The least costly option for the carriage-house door is an uninsulated, embossed steel door; the installed price is about $600. Because there is no insulation, the gauge of the steel becomes important. The lower the steel gauge number, the stronger the material. You need one with at least 24- or 25-gauge steel. Avoid ones that are "nominal 24 gauge" because the thickness of the steel is very uneven, and this will compromise both the appearance and performance of the door.You might decide that two smaller, 8-by-7-foot carriage-house doors will look better on the front of your house than one larger one. The price for a smaller carriage-house door is about half the price of the larger ones. But be forewarned: All five garage door installers that I interviewed agreed the two smaller doors arrangement is less convenient because with the small openings, you have less room to maneuver your car as you come and go.

In addition to Designer Doors (www.designerdoors.com)... three other manufacturers with nationwide distribution offer nearly all of the door styles described above: Clopay (www.clopaydoor.com), Overhead (www.overheaddoor.com) and Wayne Dalton (www.wayne-dalton.com).

Safety concerns

Safety should always be a consideration when choosing a garage door. Most manufacturers now make steel doors with a “pinch resistant” feature that prevents your fingers from getting pinched when you close the door manually because of a power failure.
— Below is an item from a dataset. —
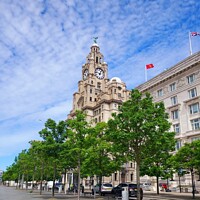 Buy canvas prints of The Royal Liver Building  by philip kennedy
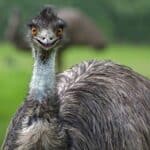 o que foi a guerra aos emus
Wood doors do not have this feature, but you will not have a problem if you have handles installed on both sides of your door. Another important safety feature concerns the opener, not the door. By federal regulation, all garage door openers must have an electric sensor near the base of the garage door that will cause it to retract when it senses anything in the door way. Some openers, however, are noisier than others. If your garage be will be below or next to a bedroom, an opener with a DC motor and a belt drive will be significantly quieter than the standard models with AC motors and chain drives. Some models with the DC motor also have a battery backup so that you can operate the door during a power failure. The difference in cost between the two types of openers is only about $50 to $75 — the quieter ones with the battery backup installed are about $350 to $375.